Instanced Static Mesh Decreasing performance!

Do this:

Add static mesh. Put the return value into an instanced static mesh variable, and plug that variable into your add instance.

Click on the add instance node and see if your instance is set to static or movable. Moveable is default I think, set it to static and see if that helps; and let me know.


Thanks for all good suggestions.

Tried this, and for both cases (movable, static) it was more efficient to create Static Meshes instead of instances of Instanced Static Mesh.

I did kind of as you desrcibed in my first try with instanced static meshes (before i fell back to the tutorial).
But I didn’t do it exactly the way you described and I will try that in a couple of days when i have access to my UE4 environment again.
Meanwhile, is there anybody out there that can reproduce the problem by implementing the small blueprint above and analyse the result of “stat scenerendering”?
I will also test the obvious thing myself: Use a standard box instead of the mesh, in case there i something that is not good with the mesh i am using.

Although the main question remains: How can it be more effective to use individual static meshes than instanced static meshes under the same circumstances?

I can’t really get a grip on the problem. I think one needs to know what UE4 does under the hood during this “RenderQuery” time to sort this out.

Instanced Meshes reduce draw calls, or the number of separate cases where the CPU has to talk directly to the GPU.
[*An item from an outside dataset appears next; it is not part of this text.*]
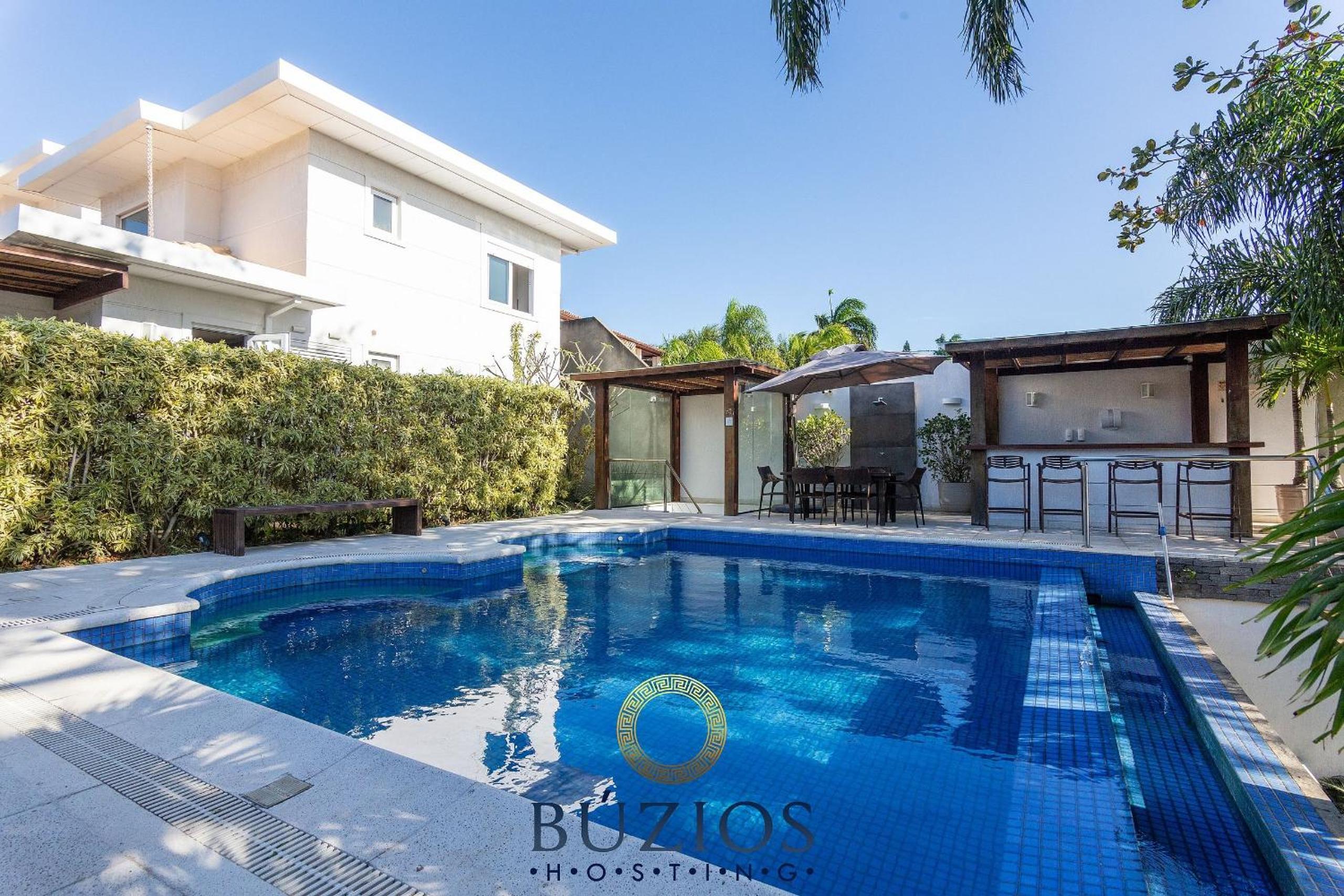 Bz48 Condominium facing Orla Bardot! House with 4 suites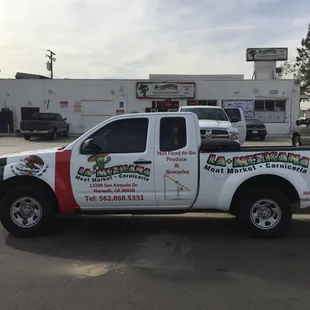 I was heading home when I notice this truck, I was looking already for a new place to buy meat and I&apos;m glad I tried this meat place.Worth it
Depends on your PC, but with a mid to high end computer you should be able to pull out at some tens of thousands of basic instances without having issues. I can pull out 100-200K relatively non-optimized tree instances before getting to the FPS you are experiencing.

The figures is from a machine with a Core i5 (16GB) and a Geforce 650Ti card (1GB). In the example above i used some 4k of instances. With 1k of instances i get around 30 fps, so obviously something is not working well here. As i mentioned earlier, using static meshes gives significantly higher FPS (but i takes the blueprint a very long time to create them).

According to that stats list, you are heavily GPU bound. When you see a lot of time in Present or Query, that means it had to wait on the GPU to finish what it was doing.

Note that using InstancedStaticMeshComponent defeats CPU side culling, so if you have 4K instances but only 5 are visible, then you’re still paying to draw the other 3995 of them. How many triangles is each of your instances?

Michael Noland

Each instance should be around 840 triangles and 691 vertices.
Thanks for you answer, this was all new to me.
So using instances is then not recommended when a lot of them are not visible?

But… in the example above all (or most) of the meshes are visible. So why is it then more effective to use static meshes?

I made two test cases. One using the editorcube mesh, and another using Sphere (StaticMesh’/Engine/BasicShapes/Sphere.Sphere’). That sphere is 960 tris and 559 verts, very close to your model. Keep in mind my video card is a beast (Titan).

  1. Cube:

Was able to spawn 100,000 instanced cubes and the GPU time was 8ms

  1. Sphere:

With 5000, GPU is still at 8ms.

With 15000, GPU time is ~28ms. That is 28 million triangles coincidentally. My renderquery time was only 20ms.

What video card are you running?

You mentioned that renderquery was still just as long with only 2x2 (aka 4) total instances, right? Is it actually the same number or just also high?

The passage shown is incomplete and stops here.